# Help please



## ryant (Nov 2, 2006)

Guys my problem is....I install atitool 16 rev5 and no lock ups, nice and smooth but my prob is that my scores are way low with ati tool install,if i uninstall it boom back to high scores is there any option of 3d that i have to do or something...With ati tool install stock clocks i get 8900 on 3d 05,remove ati tool i get 10500 ....I have work with ati tool before i use to use version 13 with driver 6.3 and went and did a 7100 score on 3d 06 runing nice but drivers come need to upgrade .....

Thanks.. 
I have pentium d 960 
x1900xtx


----------



## ARTOSOFT (Nov 3, 2006)

Wow, that's interesting finding.  Just curious, how many times do you tried with and without ATITool to get that conclusion?

Regards,
Arto.


----------



## DaMulta (Nov 3, 2006)

Try a newer ves of ATi tool.


----------



## ATIonion (Nov 3, 2006)

are you using ati drivers or something else like Omega drivers?   i have had that issue when using ati's drivers...if i remember right it has to do with the overclocking utility....they can conflict...ati has an overclock utility and you are trying to use a second overclock utility, the ati overclocker will usually go back to stock clocks....glitch...

if you are using ati's drivers...then i suggest going to omegadrivers.com and dl the latest one from there....


----------



## ryant (Nov 4, 2006)

iam using drivers from the ati web ,is that right? thanks...I know is not the comp because ass soon as i remove the ati tool boom very high scores agin..I have the default profile and 2 other profiles..

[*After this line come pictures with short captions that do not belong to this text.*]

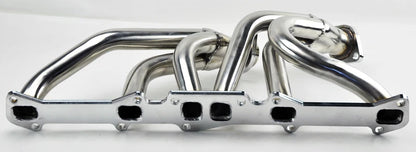 Manifold Headers for Ford & Mercury Models (1960-1983) 2.4L 2.8L 3.3L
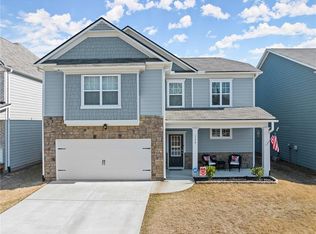 137 Yaupon Trl, Braselton, GA 30517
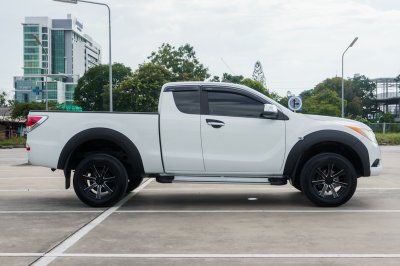 MAZDA BT-50 PRO 2.2 FREESTYLE CAB HI-RACER MT ปี2013 (ฒอ6523)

Thanks...I try riv tuner and it work good ,but i like ati tool better it lets u play with voltage..

Another thign i notice is that before i could set and save at 765 and 900 and now i cant it wont let me set it over 742 and 864 does this new tool has a limit now?..

Thanks to all ur rplys


----------



## Kasparz (Nov 4, 2006)

Maybe you set 2D clocks to 3D by a mistake somehow?


----------



## ATIonion (Nov 4, 2006)

ryant said:


> iam using drivers from the ati web ,is that right? thanks...I know is not the comp because ass soon as i remove the ati tool boom very high scores agin..I have the default profile and 2 other profiles..
> 
> Thanks...I try riv tuner and it work good ,but i like ati tool better it lets u play with voltage..
> 
> ...




Its the ati driver......i have done this with ati drivers so many freaken times..lol....

Here is a link to OmegaDrivers                                                                       http://www.omegadrivers.net/ati/win2k_xp.php Uninstall your ati drivers first, then restart and install the omega drivers.....if you like atitool over ati tool tray, then unselect ati tool tray when it asks you what you want to install...you see where.....then you should b able to use ati tool and omegadrivers without losing your clocks...

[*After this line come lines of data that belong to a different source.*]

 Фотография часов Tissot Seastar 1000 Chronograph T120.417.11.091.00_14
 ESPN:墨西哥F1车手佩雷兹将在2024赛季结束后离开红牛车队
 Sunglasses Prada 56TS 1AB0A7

here is a way to tell if the ati driver is changing your clock...goto your ati CCC and open it up to its overclocking screen...read what it says, if it says you are overclocked, then open a game or benchmark test, close it after it starts up and read what the CCC overdriver says. id be willing to bet the clocks have changed.....    gl


----------



## ryant (Nov 7, 2006)

ATIonion said:


> Its the ati driver......i have done this with ati drivers so many freaken times..lol....
> 
> Here is a link to OmegaDrivers                                                                       http://www.omegadrivers.net/ati/win2k_xp.php Uninstall your ati drivers first, then restart and install the omega drivers.....if you like atitool over ati tool tray, then unselect ati tool tray when it asks you what you want to install...you see where.....then you should b able to use ati tool and omegadrivers without losing your clocks...
> 
> here is a way to tell if the ati driver is changing your clock...goto your ati CCC and open it up to its overclocking screen...read what it says, if it says you are overclocked, then open a game or benchmark test, close it after it starts up and read what the CCC overdriver says. id be willing to bet the clocks have changed.....    gl




thanks u solve my prob thanks


----------



## ARTOSOFT (Nov 7, 2006)

Errmm..., what cards is allowed overdrive by ATI?  I can't find overdrive (or overclock) option  on CCC.

Regards,
Arto.


----------



## ryant (Dec 6, 2006)

i also solve my prob using ati drivers by disabling the ati services ,ati hot ket ,ati smart,thanks guys..


----------